Applying for your individual or partnership contractor’s license has the same procedure as above, except that you won’t need to register your business with the AZ Corporation Commission. If you are a partnership, you’ll need to register with the Arizona Secretary of State instead. 

AZ Contractor License Application Checklist

When completing your license application, you’ll need to make sure you attach all supporting documentation. If your application is incomplete, it may be sent back to you. 
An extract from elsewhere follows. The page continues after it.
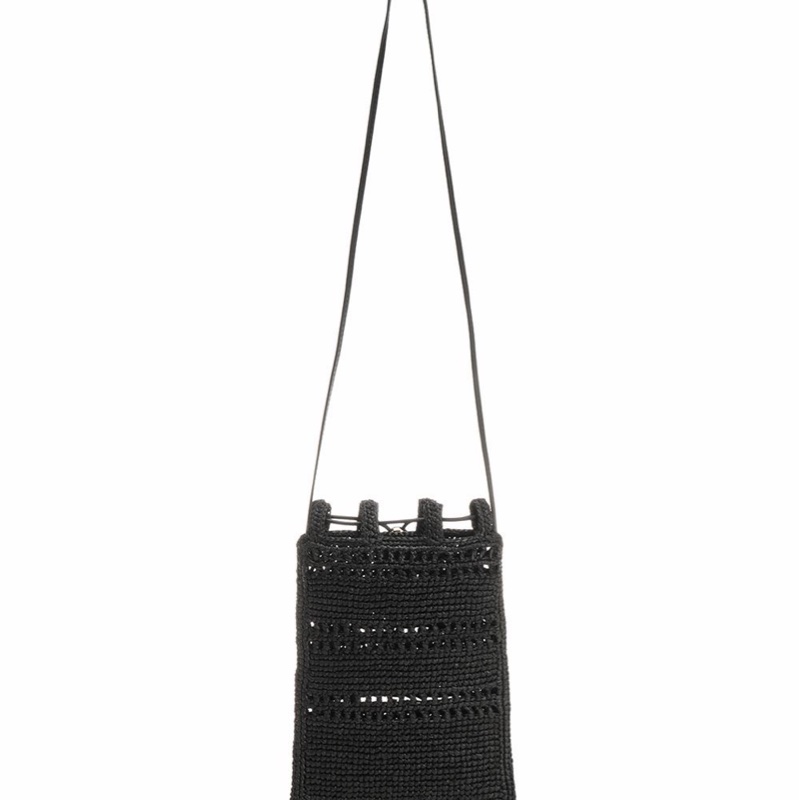 Loewe 女士 拉菲草抽繩單肩包均碼碼常規、16cm*1cm*21cm-1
  • The Qualifying Party’s AZ Training Course results
  • The Qualifying Party’s PSI Exam results OR the waiver for the PSI exam
  • Copies of receipts for the background checks
    • Receipts are issued via email after you’ve completed the background check and are good for 90 days
  • Registration of your business or partnership, if applicable
  • Your bond verification form
  • All fees
  • Copies of ID
  • All necessary signatures
  • Supporting documents (optional depending on applicant)

Contractor License Fees

New license fees include an application fee, license fee, and – in some cases – a recovery and assessment fee. The total fees are as follows:

  • General Commercial: $780
  • Specialty Commercial: $580
  • General Residential: $870
  • Specialty Residential: $720
  • General Dual: $1,050
  • Specialty Dual: $850

Arizona Licensing Reciprocity

If you hold one or more licenses from another state, you may apply for exemption for the PSI exam. You’ll need to complete the Out-Of-State Waiver Request Form. 

This will not exempt you from the AZ Statutes and Rules Training Course and Exam, which the Qualifying Party will still need to take. 

Renewing Your AZ Contractor’s License

Contractor’s licenses are good for two years. You can renew online by completing a renewal application, showing proof of bond, and paying the renewal fee.